Hi I have some query log files of the following form:
q_string q_visits q_date
0 red ballons 1790 2012-10-02 00:00:00
1 blue socks 364 2012-10-02 00:00:00
2 current 280 2012-10-02 00:00:00
3 molecular 259 2012-10-02 00:00:00
4 red table 201 2012-10-02 00:00:00
I have a file per day, for each month for the period of a year. What I would like to do is:
(1) Group the files by month (or more specifically group all of the q_strings belonging to each month)
(2) Since the same q_string may appear on multiple days, I would like to group the same q_strings within the month, summing on q_visits across all the instances of that q_string
(3) Normalise the q_visits against the grouped q_string (by dividing the sum of q_visits for the grouped q_string by the sum of q_visits across all q_strings within the month)
I expect the output to have a similar schema to the input except to have an extra column with normalised monthly q_visit volumes.
I have been doing this in Python/Pandas, but now have more data and feel that the problem lends itself more easily to MapReduce.
Would the above be easy to implement in EMR/AWS? Conceptually, what would be the MR workflow for doing the above?

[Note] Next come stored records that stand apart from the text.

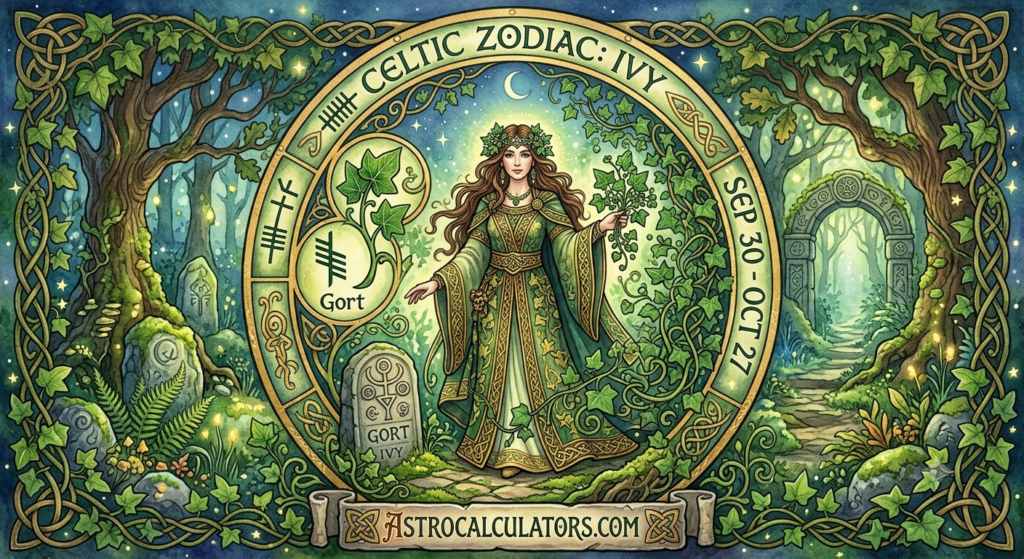 Ivy Celtic Zodiac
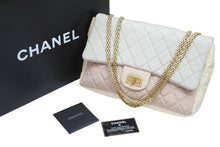 画像をギャラリービューアに読み込む, CHANEL シャネル 2.55 ナイロン デカ マトラッセ トリコロール チェーン ショルダーバッグ マルチカラー 12番台 GP 良品 中古 52317
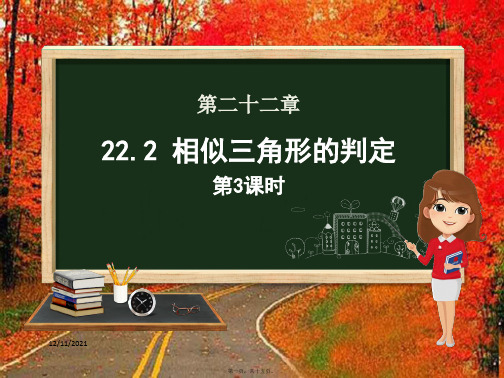 九年级数学上册第22章相似形22.2相似三角形的判定第三课时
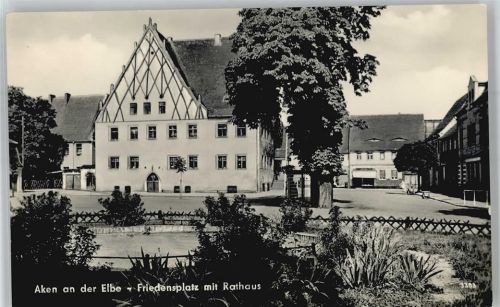 06385 O4372 Aken - Friedensplatz mit Rathaus, 1963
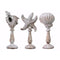 Decorative Accessories Polyresin Aquatic Figurines on Stand Assortment of 3 - Brown - Benzara Benzara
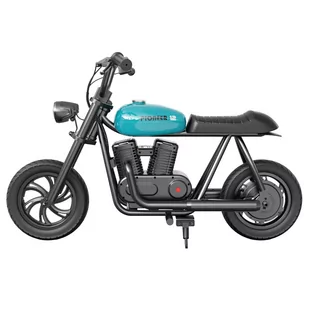 Elektryczny motocykl Chopper dla dzieci HYPER GOGO Pioneer 12, 21.9V 5.2Ah 160W, opony 12'x3', 12KM - niebieski - Motocykle - miniaturka - grafika 1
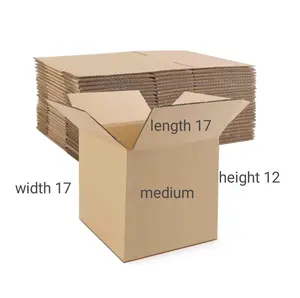 6 piece Cardboard Box for Shipping,heavy duty mailing boxes, paper boxes, corrugated boxes,for packing, packaging boxes, storage & moving boxes for supplies,packaging boxes,kraft boxes square boxes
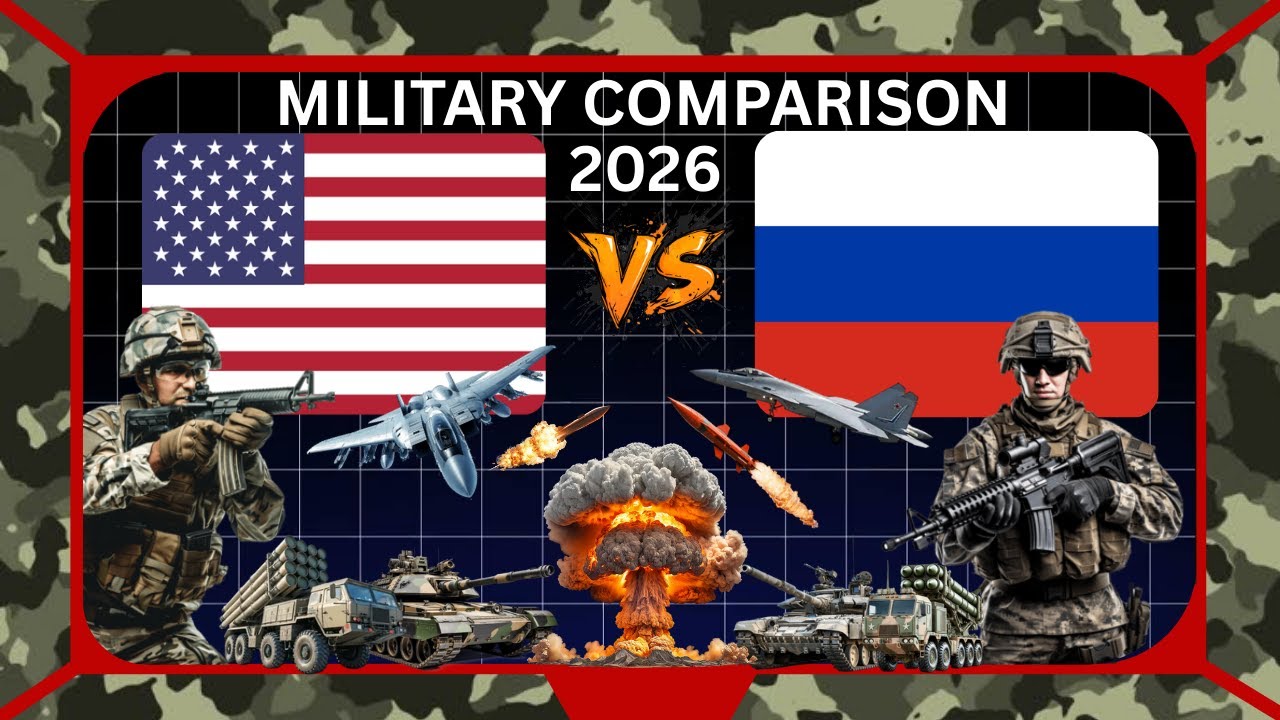 USA🇺🇸 vs RUSSIA🇷🇺 Military power comparison video 2026//usa vs Russia military 🪖#military #usarmy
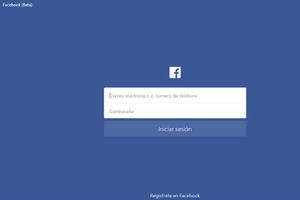 Facebook lanza aplicación Beta para Windows 10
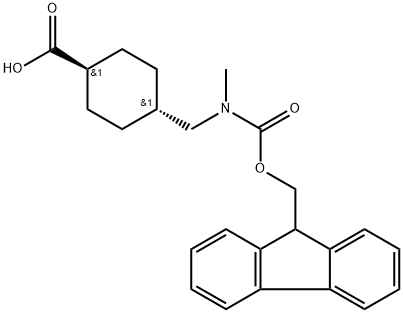 FMOC-N-METHYL-TRANEXAMIC ACID Struktur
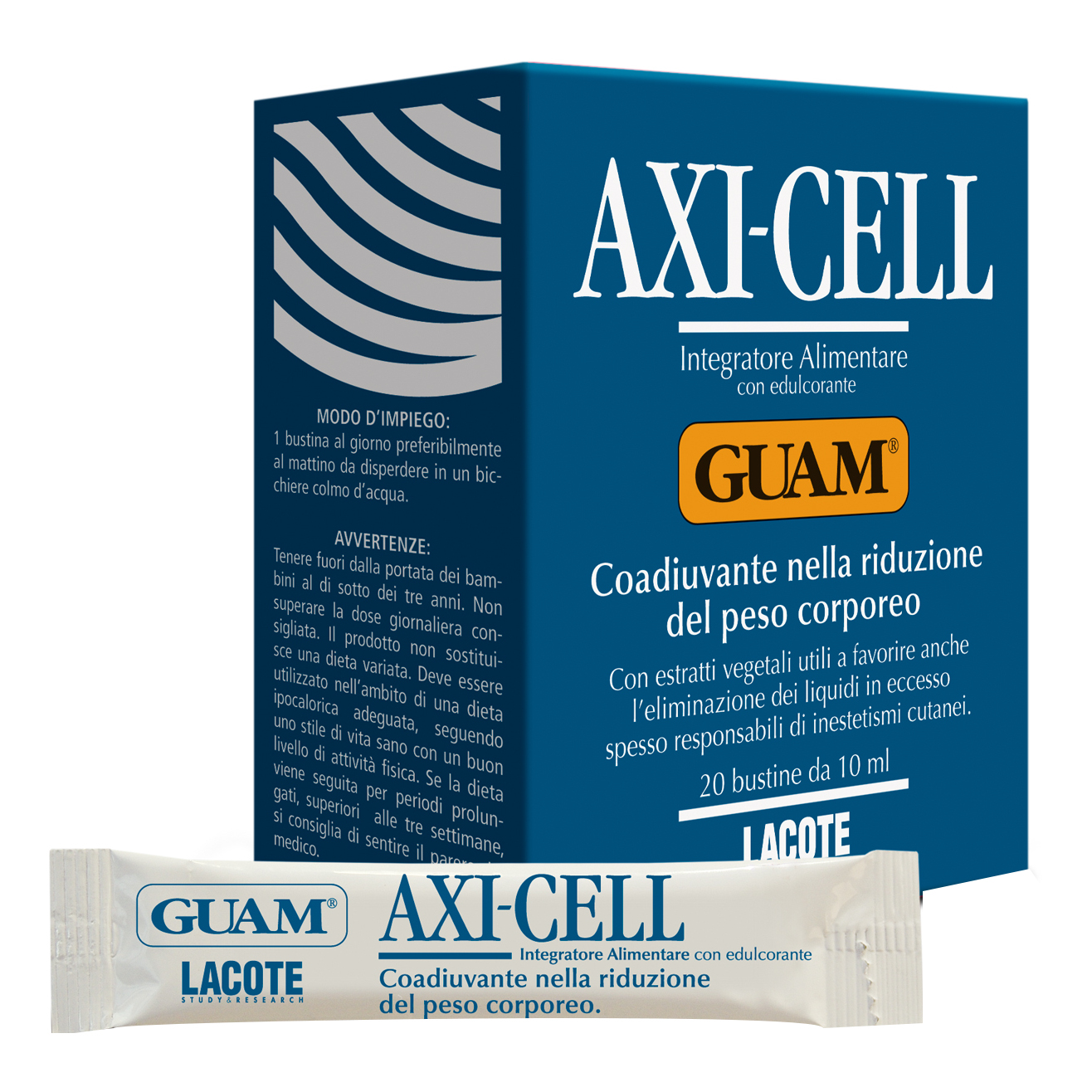 Guam axi-cell 20 bustine da 10 ml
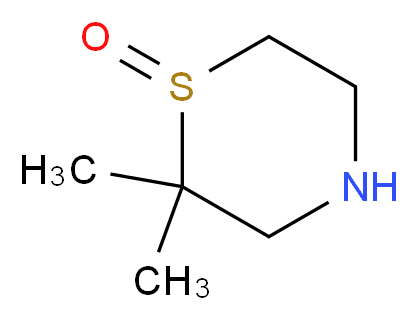 2,2-dimethylthiomorpholine 1-oxide_Molecular_structure_CAS_)
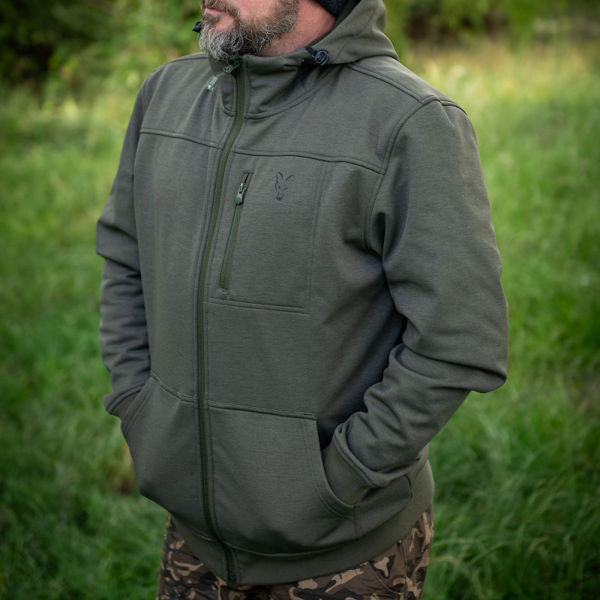 Fox Collection Soft Shell Jacket Green And Black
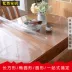 Bảng vải không thấm nước dùng một lần chống dầu chống nóng vải thủy tinh mờ mềm miếng đệm nhựa PVC bàn mat mat bảng - Khăn trải bàn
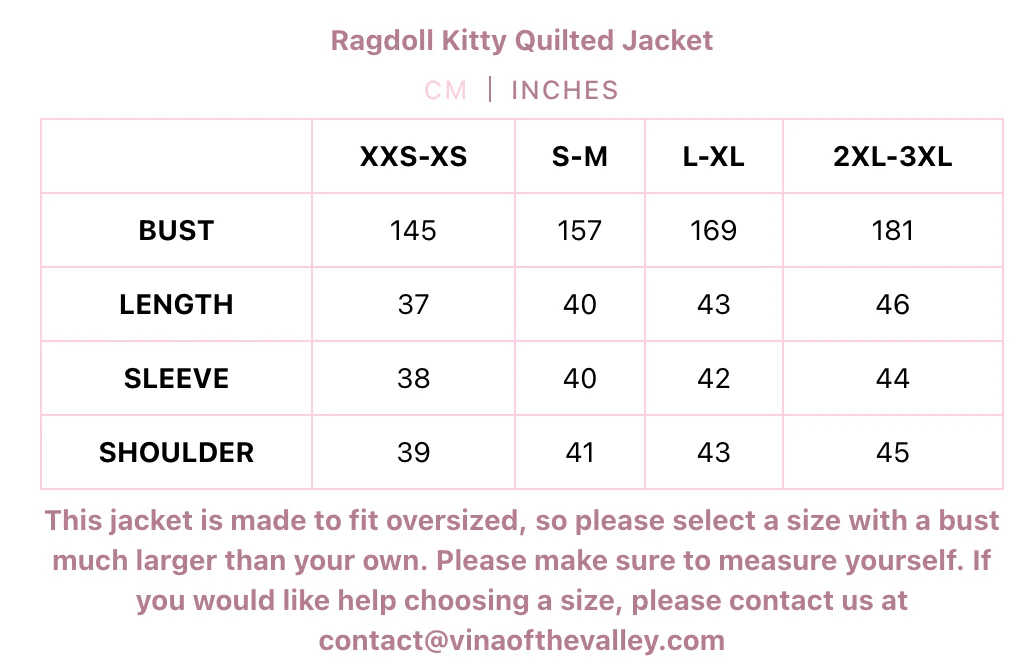 Ragdoll Kitty Quilted Jacket - Image 8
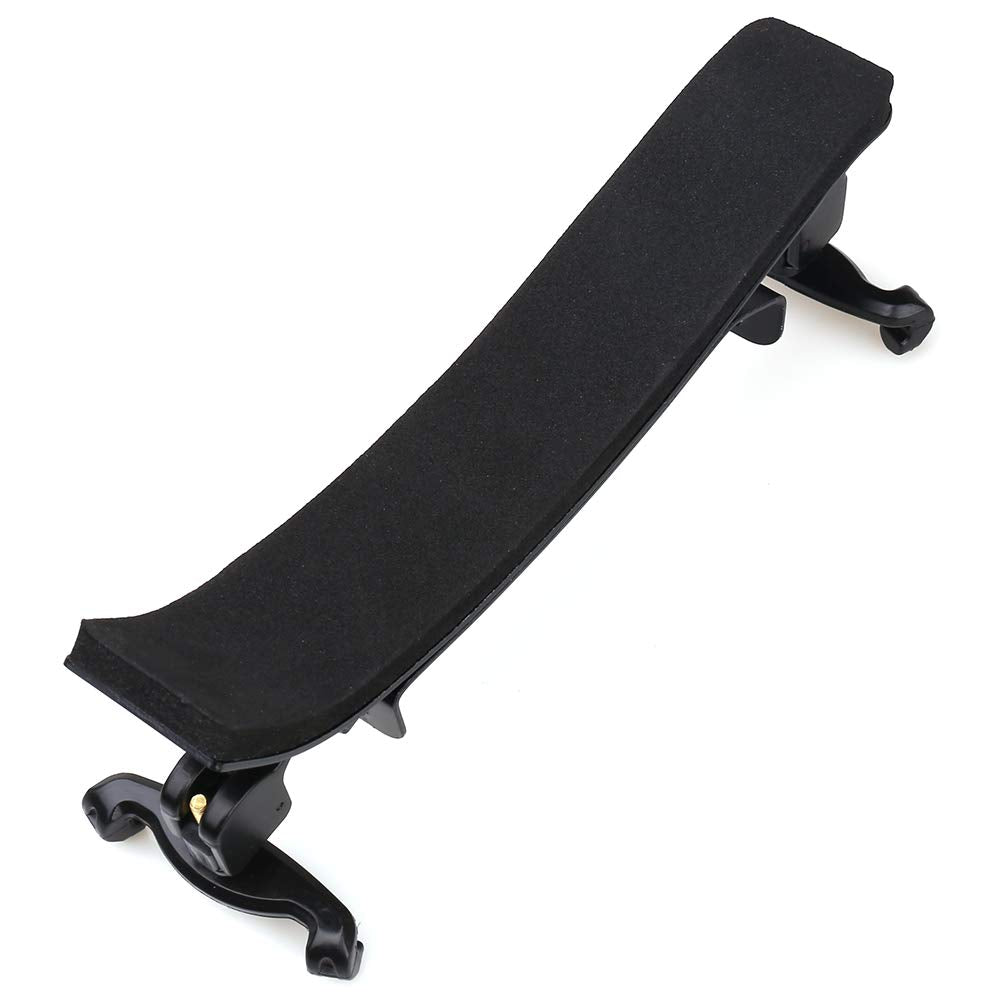 Nanyi 4/4 Violin Shoulder Rest, Premium Large Arc Aluminum Alloy Plate Skeleton High Strength Sponge Comfortable Violin Shoulder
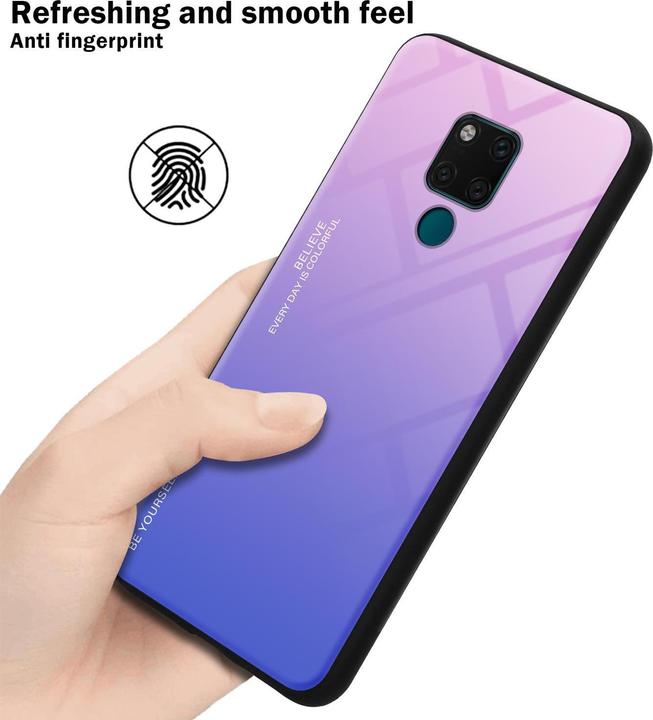 Immagine prodotto Cadorabo Copertura in vetro TPU 2 colori (Mate 20)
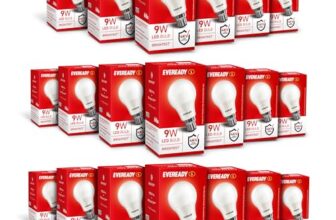 Eveready 9W Led Bulb, Cool Day Light (6500K), B22 Base, Energy-Efficient, 4Kv Surge Protection, Long-Lasting Durability – Pack Of 20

I would like to keep coding in Python so will probably use streaming.
Thanks in advance for any help.
I would rather use Pig. Easy to learn and write, no lengthy pieces of code. Just express your data processing in terms of transformation, or a data flow and get the desired result. If it fits into your needs, it's way better than raw MR jobs. Pig was developed for these kinda stuff. It'll definitely save a lot of time.